Beginning at the line that holds "Happy St Catrick's" and continuing to the last line of the data below, transcribe every line word for word, without pictures.
━━ RECORDS FOR THE TASK ━━
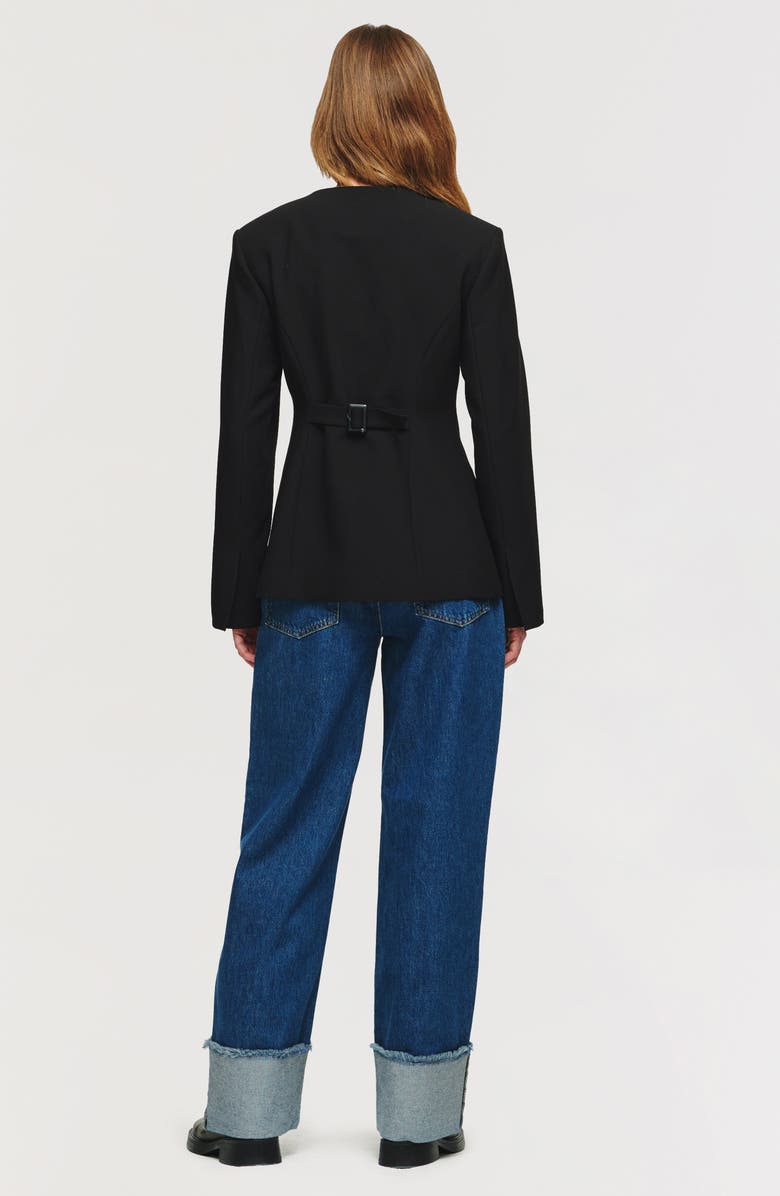 ALIGNE Daphne Collarless Jacket, Alternate, color, Black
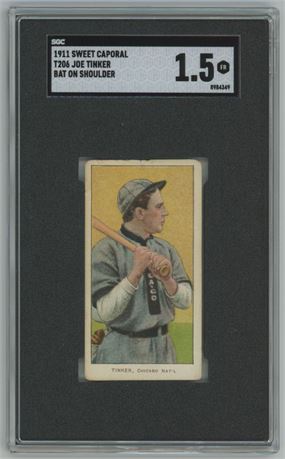 1909-11 T206 Sweet Caporal Joe Tinker Bat on Shoulder SGC 1.5 FAIR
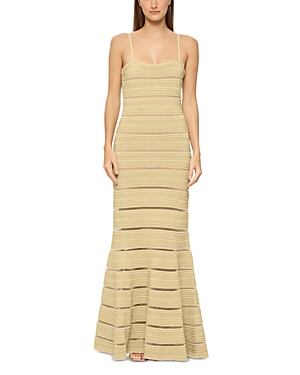 Herve Leger Sleeveless Stitched Bandage Gown In Met Gold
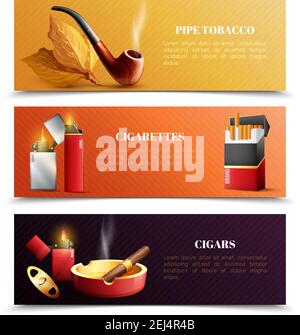 Tobacco products set of horizontal banners with smoking pipe, cigarettes and lighters, cigars isolated vector illustration Stock Vector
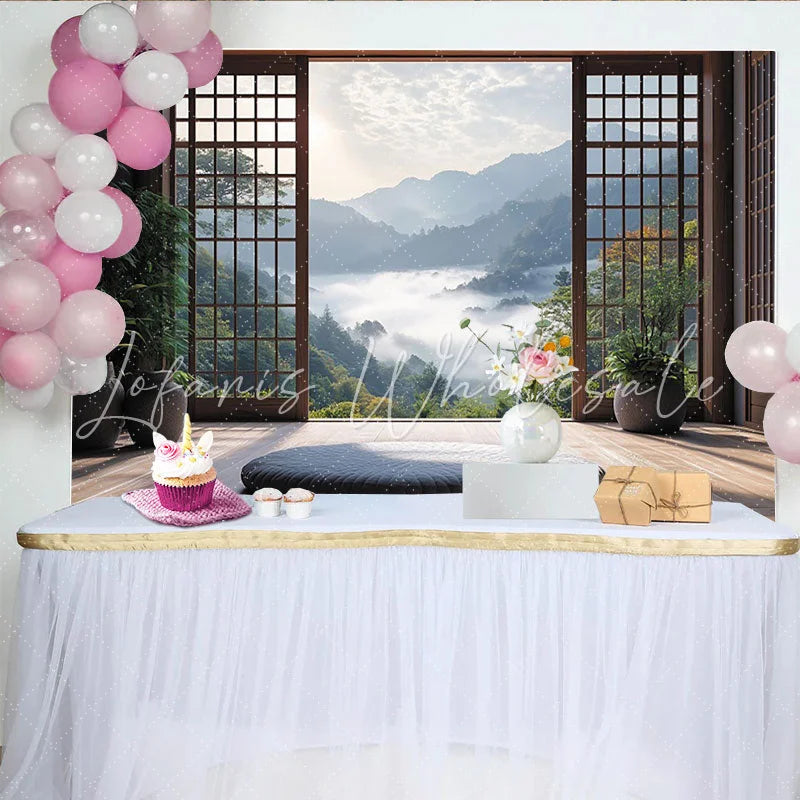 Lofaris Japanese Window Frame Natural Scenery Photography Backdrop Misty Mountain View Background for Studio Photoshoot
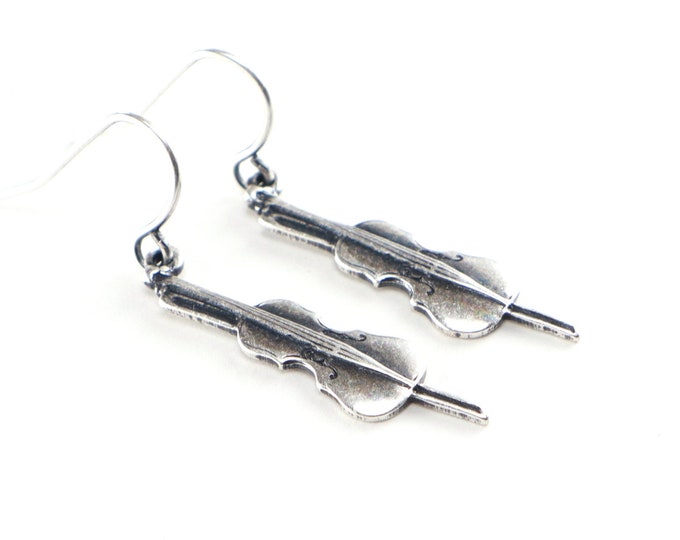 Little Cello Earrings, Sterling Silver Ox Finish, Small Cello Dangle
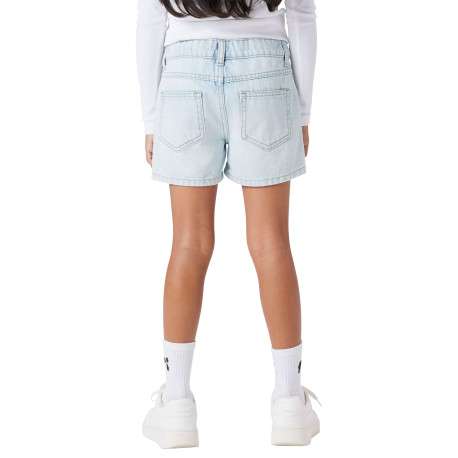 Short en coton stone uni pourvu d'une coupe droite et de strass - Image 4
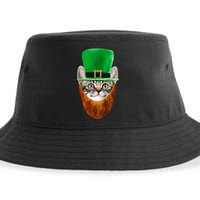 Happy St Catrick's Day Funny Cat Ginger Beard St Patrick's Day Sustainable Bucket Hat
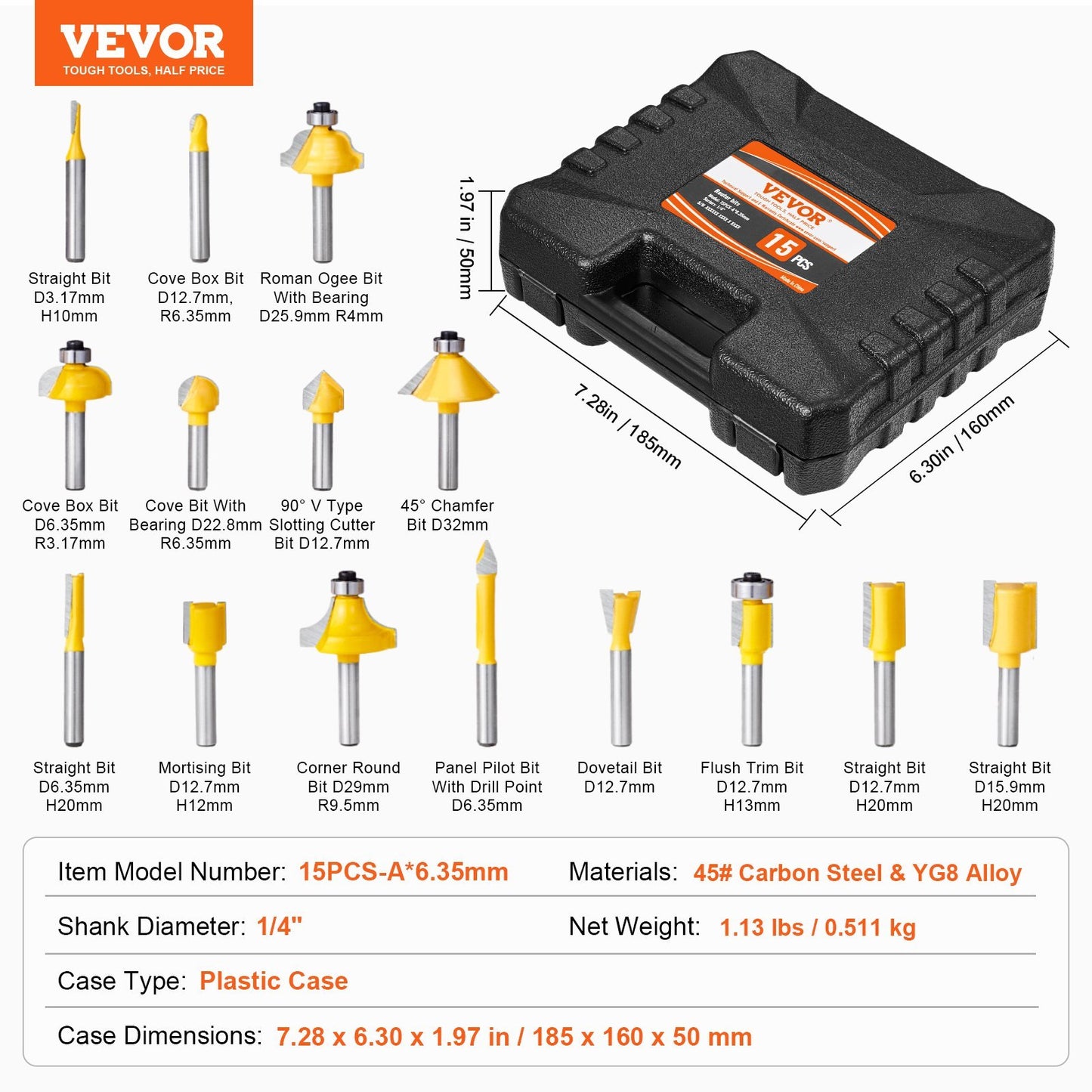 VEVOR Router Bits Set 15 Pieces Carbide Router Bit Shank Carrying Case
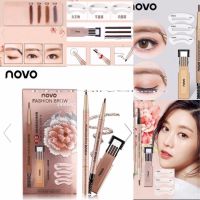 novo5146 Hot สุดๆ(ใหม่/ของแท้) โนโว Novo Eyebrow ดินสอเขียนคิ้ว แถมไส้ดินสอ + บล๊อกคิ้ว 3 ชิ้น Gold set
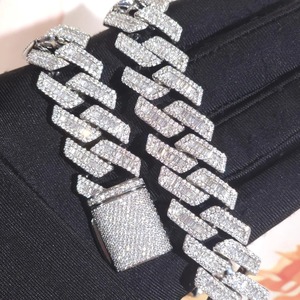 Cadena Cubana de Plata 925 Chapada en Oro con Circonita, Hecha a Mano en India, para Hombres y Mujeres, Regalos para Ocasiones Especiales - Product Image 1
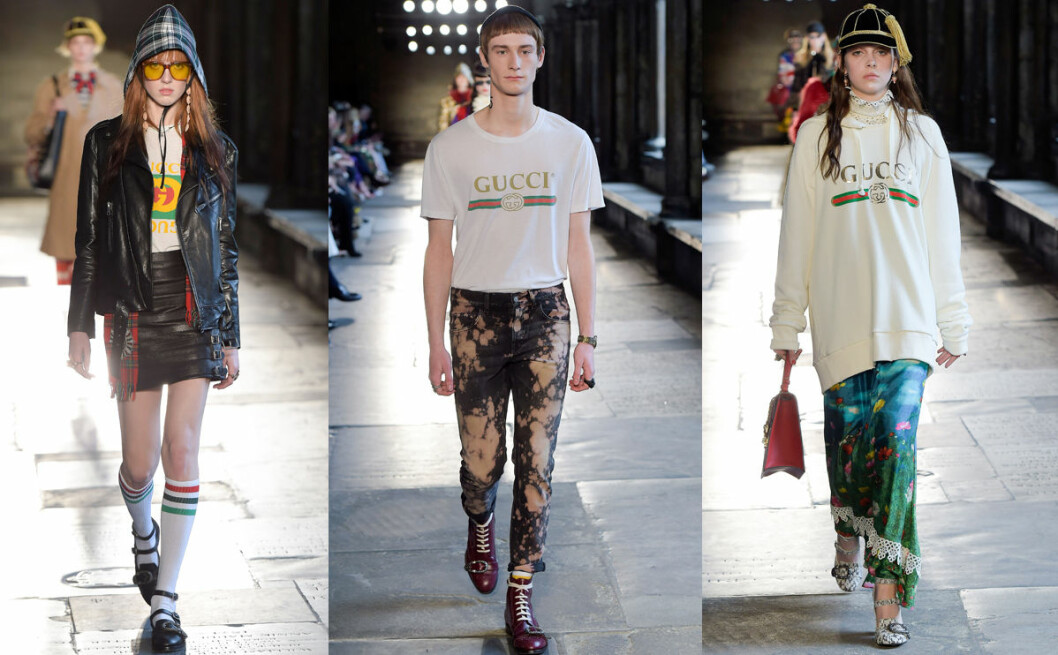 Gucci gjorde succé med fejkinspirerade t-shirts och sweatshirts under sin resort 2017-kollektion. gucci tröja köpa 2018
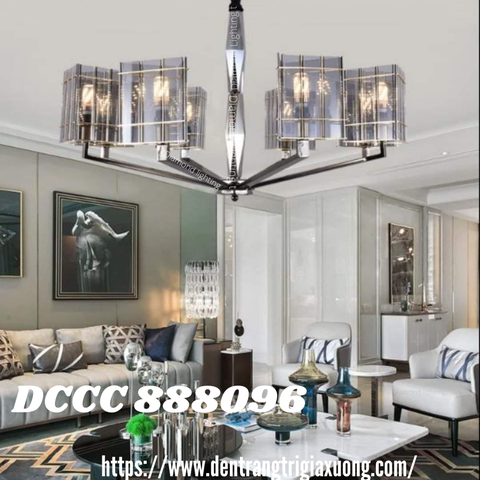 DIAMOND LIGHTING ĐÈN CHÙM THỦY TINH HIỆN ĐẠI ĐEN XÁM - DCCC 8888096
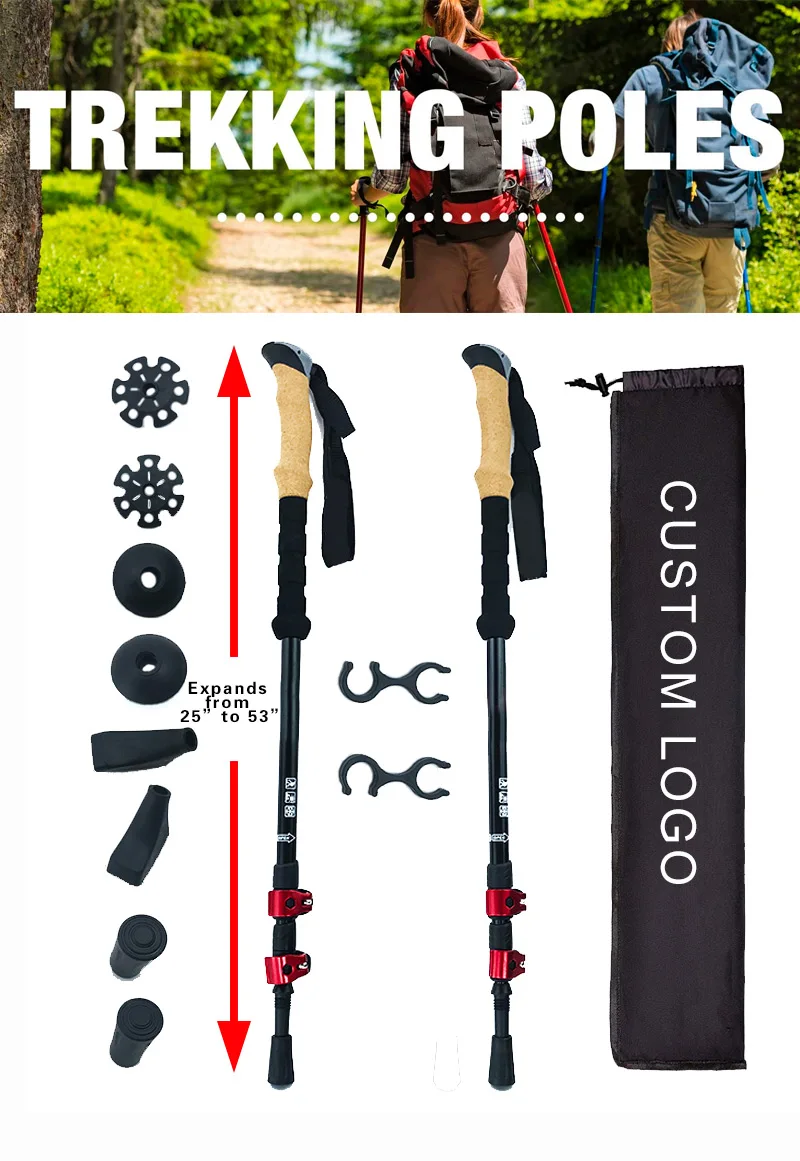 Carbon Fiber 100 Foldable Trekking Pole Nordic Walking Stick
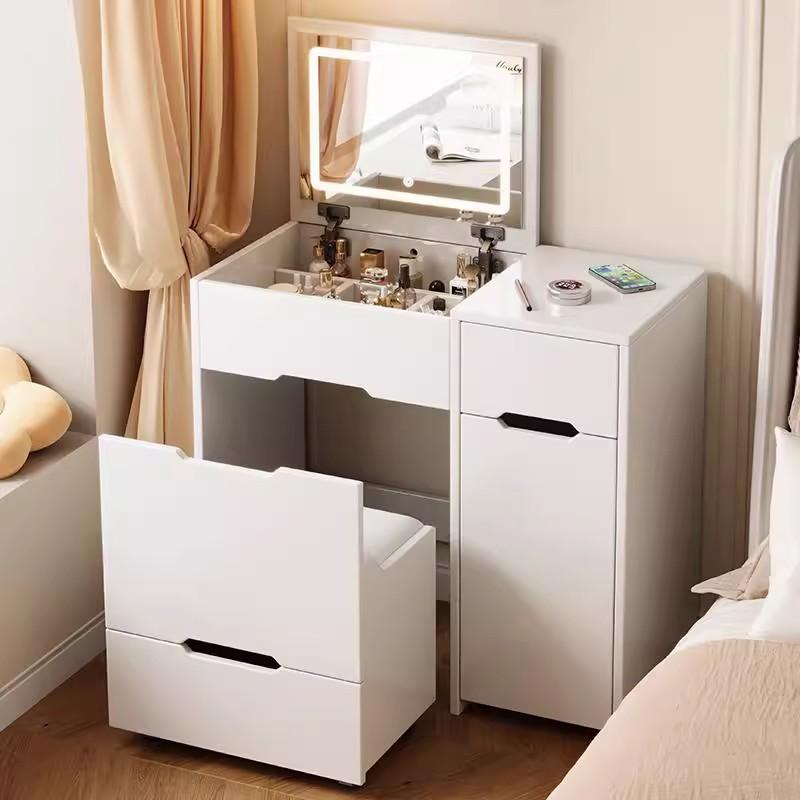 ドレッサー コンパクト 子供用 寝室 ベッドサイドテーブル 収納 一体型 メイクアップテーブル 化粧台 ..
━━━
SOLUTION FOR THIS TASK:
 Happy St Catrick's Day Funny Cat Ginger Beard St Patrick's Day Sustainable Bucket Hat
 VEVOR Router Bits Set 15 Pieces Carbide Router Bit Shank Carrying Case
 novo5146 Hot สุดๆ(ใหม่/ของแท้) โนโว Novo Eyebrow ดินสอเขียนคิ้ว แถมไส้ดินสอ + บล๊อกคิ้ว 3 ชิ้น Gold set
 Cadena Cubana de Plata 925 Chapada en Oro con Circonita, Hecha a Mano en India, para Hombres y Mujeres, Regalos para Ocasiones Especiales - Product Image 1
 Gucci gjorde succé med fejkinspirerade t-shirts och sweatshirts under sin resort 2017-kollektion. gucci tröja köpa 2018
 DIAMOND LIGHTING ĐÈN CHÙM THỦY TINH HIỆN ĐẠI ĐEN XÁM - DCCC 8888096
 Carbon Fiber 100 Foldable Trekking Pole Nordic Walking Stick
 ドレッサー コンパクト 子供用 寝室 ベッドサイドテーブル 収納 一体型 メイクアップテーブル 化粧台 ..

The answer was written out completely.